>>

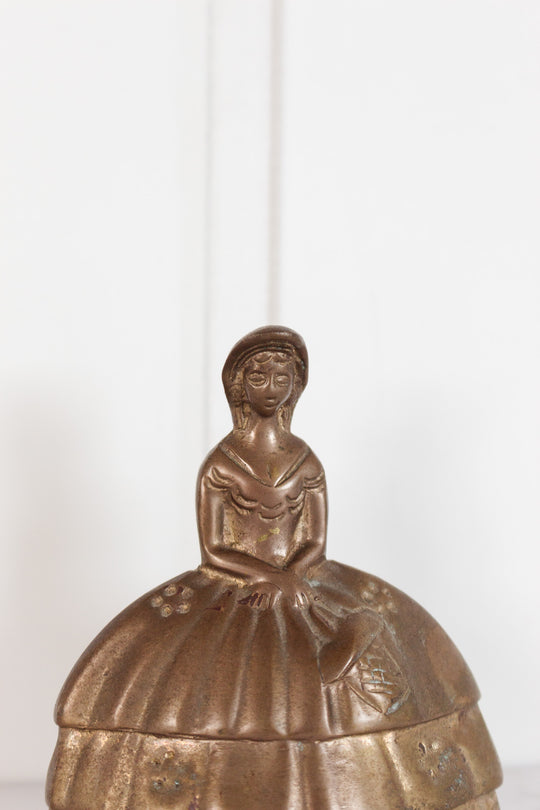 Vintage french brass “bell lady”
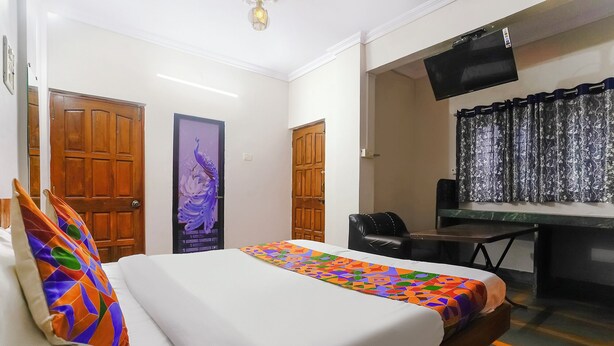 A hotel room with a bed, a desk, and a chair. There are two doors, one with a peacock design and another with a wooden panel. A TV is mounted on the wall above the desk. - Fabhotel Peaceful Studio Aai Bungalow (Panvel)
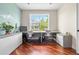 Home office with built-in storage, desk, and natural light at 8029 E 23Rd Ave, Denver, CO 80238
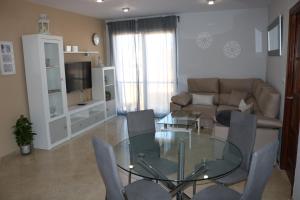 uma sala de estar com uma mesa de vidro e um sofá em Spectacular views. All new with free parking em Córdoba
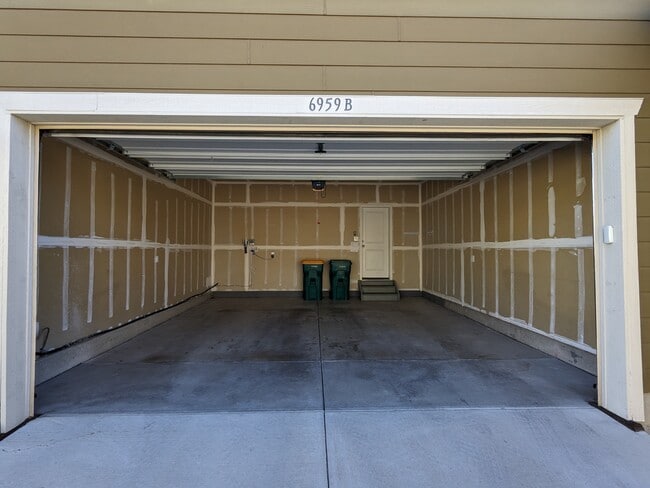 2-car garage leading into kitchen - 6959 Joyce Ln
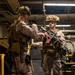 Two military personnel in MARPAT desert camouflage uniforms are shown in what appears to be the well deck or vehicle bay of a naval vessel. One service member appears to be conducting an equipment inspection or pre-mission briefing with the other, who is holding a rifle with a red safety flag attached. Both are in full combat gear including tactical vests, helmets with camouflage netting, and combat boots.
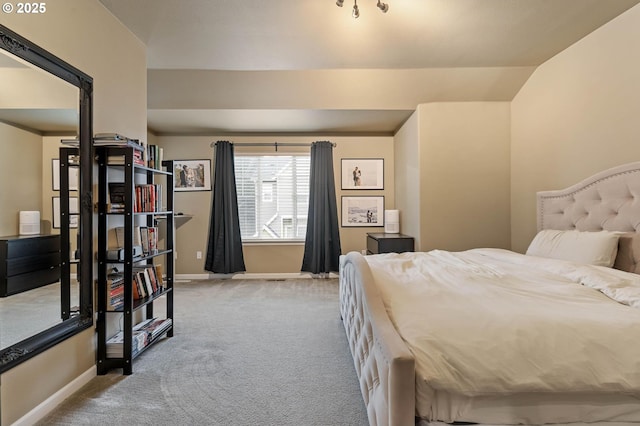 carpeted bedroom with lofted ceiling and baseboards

<<
>>

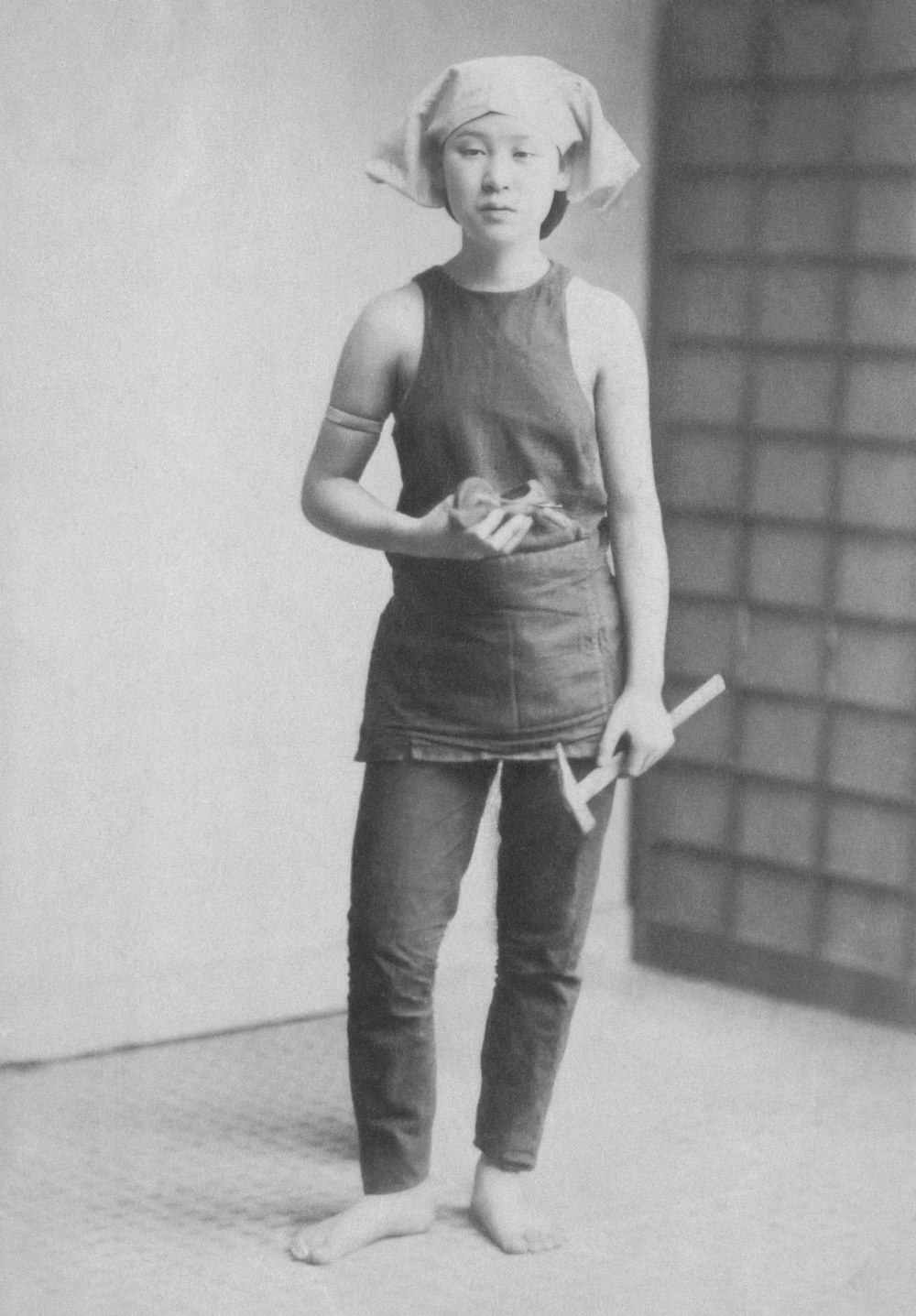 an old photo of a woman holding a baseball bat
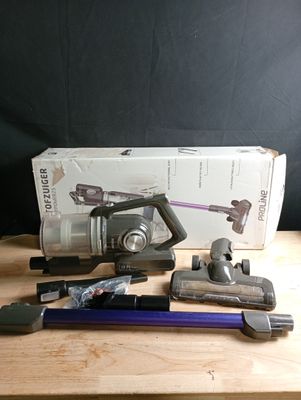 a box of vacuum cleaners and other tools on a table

<<
>>

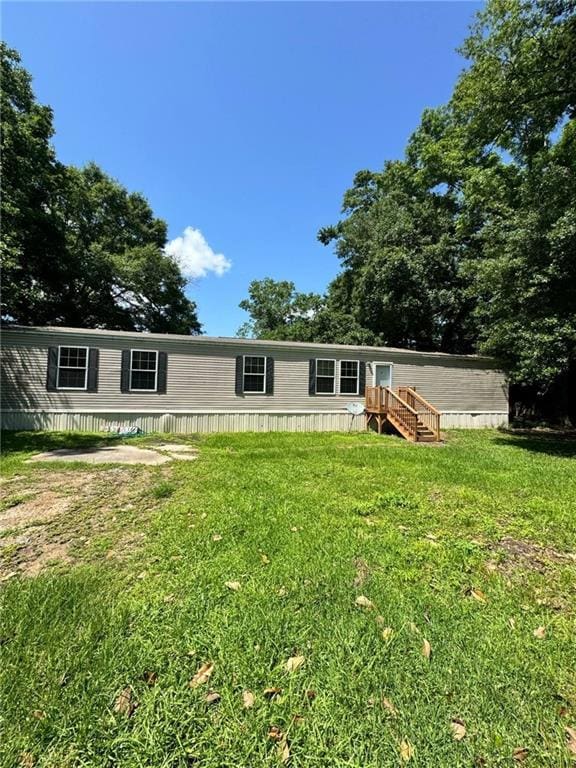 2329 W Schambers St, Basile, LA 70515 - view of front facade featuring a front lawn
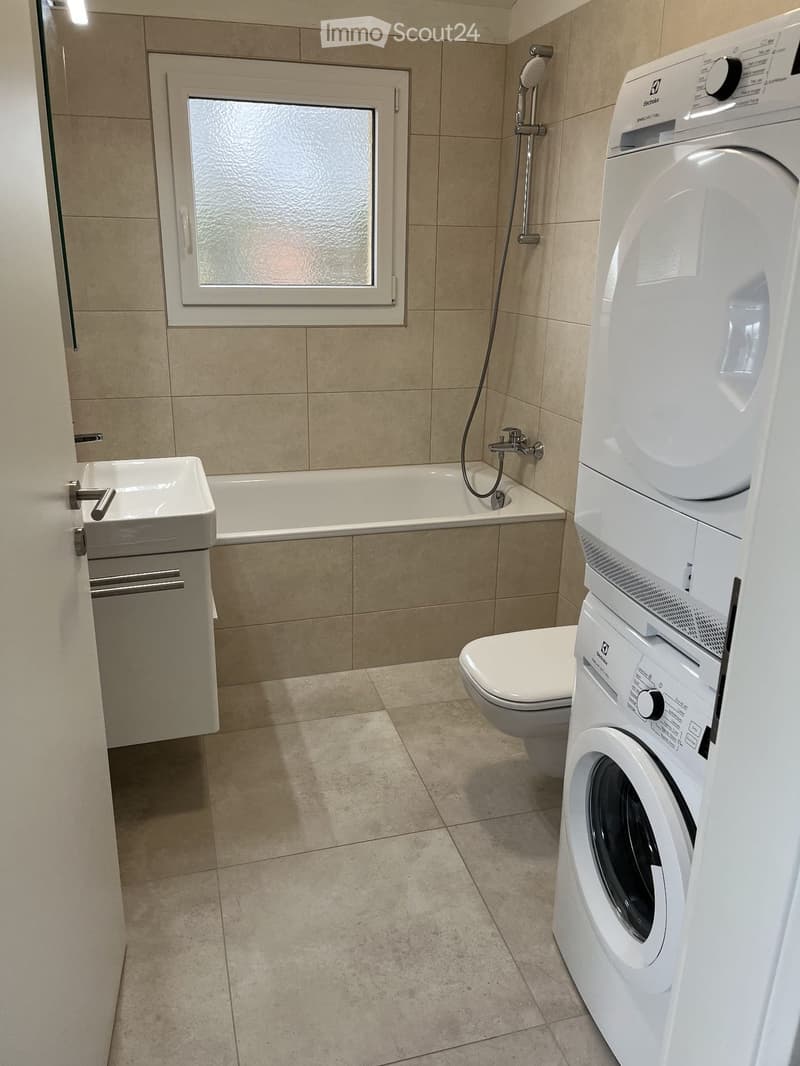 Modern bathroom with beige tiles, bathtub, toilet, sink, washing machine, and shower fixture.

<<

A clean copy is needed of the lines in the listing above from the one with "Vintage french brass" through the one with "2-car garage leading", exact in every word and free of pictures.

 Vintage french brass “bell lady”
 A hotel room with a bed, a desk, and a chair. There are two doors, one with a peacock design and another with a wooden panel. A TV is mounted on the wall above the desk. - Fabhotel Peaceful Studio Aai Bungalow (Panvel)
 Home office with built-in storage, desk, and natural light at 8029 E 23Rd Ave, Denver, CO 80238
 uma sala de estar com uma mesa de vidro e um sofá em Spectacular views. All new with free parking em Córdoba
 2-car garage leading into kitchen - 6959 Joyce Ln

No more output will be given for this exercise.